● Records excerpted from a collection
==========

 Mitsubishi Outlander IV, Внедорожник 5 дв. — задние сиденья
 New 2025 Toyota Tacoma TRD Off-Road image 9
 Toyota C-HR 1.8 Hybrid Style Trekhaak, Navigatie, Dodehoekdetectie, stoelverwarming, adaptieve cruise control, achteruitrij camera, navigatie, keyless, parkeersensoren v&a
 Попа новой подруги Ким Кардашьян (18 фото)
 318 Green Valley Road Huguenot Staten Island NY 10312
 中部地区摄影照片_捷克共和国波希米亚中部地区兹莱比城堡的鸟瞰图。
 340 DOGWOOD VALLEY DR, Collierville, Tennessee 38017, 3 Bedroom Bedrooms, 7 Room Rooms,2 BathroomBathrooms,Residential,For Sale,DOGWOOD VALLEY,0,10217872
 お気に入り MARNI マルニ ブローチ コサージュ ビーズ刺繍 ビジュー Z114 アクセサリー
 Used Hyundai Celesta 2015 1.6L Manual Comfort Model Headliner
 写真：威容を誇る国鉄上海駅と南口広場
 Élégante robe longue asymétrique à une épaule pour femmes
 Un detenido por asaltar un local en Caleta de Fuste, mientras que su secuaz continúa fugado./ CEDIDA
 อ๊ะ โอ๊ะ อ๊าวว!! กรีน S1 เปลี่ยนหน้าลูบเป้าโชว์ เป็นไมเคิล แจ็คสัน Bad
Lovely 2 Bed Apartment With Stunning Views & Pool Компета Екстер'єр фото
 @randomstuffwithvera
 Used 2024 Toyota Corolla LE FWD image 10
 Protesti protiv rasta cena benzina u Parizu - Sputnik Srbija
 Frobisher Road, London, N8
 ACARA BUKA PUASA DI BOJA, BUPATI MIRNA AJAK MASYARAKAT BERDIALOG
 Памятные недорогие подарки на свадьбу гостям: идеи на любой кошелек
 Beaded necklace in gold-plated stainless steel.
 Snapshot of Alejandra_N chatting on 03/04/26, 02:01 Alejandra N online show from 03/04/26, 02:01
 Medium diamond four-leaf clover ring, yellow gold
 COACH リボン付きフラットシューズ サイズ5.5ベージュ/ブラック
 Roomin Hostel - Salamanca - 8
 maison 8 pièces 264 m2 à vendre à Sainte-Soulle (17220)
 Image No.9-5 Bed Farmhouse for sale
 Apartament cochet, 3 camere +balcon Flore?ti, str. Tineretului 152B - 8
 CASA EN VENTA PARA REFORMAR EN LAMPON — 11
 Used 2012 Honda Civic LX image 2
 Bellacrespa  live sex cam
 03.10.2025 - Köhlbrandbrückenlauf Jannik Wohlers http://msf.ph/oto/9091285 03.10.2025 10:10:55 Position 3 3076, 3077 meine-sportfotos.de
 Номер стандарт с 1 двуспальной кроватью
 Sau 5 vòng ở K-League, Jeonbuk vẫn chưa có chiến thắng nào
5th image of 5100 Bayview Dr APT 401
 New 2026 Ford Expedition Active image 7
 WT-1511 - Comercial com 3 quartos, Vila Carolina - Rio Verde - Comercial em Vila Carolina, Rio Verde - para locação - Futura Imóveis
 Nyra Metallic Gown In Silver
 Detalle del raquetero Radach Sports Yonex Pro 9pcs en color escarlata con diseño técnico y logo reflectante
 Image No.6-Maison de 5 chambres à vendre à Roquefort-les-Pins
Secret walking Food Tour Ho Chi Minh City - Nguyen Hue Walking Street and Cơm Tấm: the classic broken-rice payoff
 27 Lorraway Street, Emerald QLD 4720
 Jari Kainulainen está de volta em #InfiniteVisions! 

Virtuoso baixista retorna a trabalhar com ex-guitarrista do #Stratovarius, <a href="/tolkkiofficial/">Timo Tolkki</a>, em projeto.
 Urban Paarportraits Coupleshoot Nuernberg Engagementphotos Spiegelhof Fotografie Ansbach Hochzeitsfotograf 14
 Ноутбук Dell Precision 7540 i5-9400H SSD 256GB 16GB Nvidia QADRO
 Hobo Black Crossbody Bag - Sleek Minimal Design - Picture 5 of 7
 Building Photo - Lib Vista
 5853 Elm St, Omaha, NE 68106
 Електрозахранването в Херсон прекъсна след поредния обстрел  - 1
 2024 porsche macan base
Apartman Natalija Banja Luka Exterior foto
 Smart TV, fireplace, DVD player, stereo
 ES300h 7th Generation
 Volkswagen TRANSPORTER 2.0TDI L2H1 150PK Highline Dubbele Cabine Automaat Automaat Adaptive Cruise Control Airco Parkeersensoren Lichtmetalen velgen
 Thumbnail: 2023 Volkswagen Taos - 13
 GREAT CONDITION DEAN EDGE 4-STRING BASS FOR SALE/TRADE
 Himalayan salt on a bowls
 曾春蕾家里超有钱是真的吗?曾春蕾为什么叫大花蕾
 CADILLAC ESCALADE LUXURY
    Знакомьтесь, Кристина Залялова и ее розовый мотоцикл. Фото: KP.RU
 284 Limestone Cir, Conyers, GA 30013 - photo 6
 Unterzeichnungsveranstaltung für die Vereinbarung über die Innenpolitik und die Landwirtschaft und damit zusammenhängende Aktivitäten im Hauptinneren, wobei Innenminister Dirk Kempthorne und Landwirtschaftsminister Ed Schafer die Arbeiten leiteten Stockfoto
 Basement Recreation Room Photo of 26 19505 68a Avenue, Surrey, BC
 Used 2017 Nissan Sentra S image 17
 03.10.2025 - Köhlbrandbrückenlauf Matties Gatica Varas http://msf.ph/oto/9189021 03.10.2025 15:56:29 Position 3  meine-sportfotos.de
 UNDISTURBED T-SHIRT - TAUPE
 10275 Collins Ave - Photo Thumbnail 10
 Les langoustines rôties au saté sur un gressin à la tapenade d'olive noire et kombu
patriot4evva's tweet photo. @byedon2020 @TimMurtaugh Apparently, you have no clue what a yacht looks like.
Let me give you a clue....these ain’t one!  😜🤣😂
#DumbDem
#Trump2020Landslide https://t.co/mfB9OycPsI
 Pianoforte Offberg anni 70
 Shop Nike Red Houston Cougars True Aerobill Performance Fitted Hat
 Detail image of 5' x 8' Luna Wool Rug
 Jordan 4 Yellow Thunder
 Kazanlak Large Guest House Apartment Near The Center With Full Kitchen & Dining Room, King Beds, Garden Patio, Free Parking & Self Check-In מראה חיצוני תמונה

==========

Only the lines with the string "Thumbnail" are wanted; pick them out of the records above and copy them.

 Thumbnail: 2023 Volkswagen Taos - 13
 10275 Collins Ave - Photo Thumbnail 10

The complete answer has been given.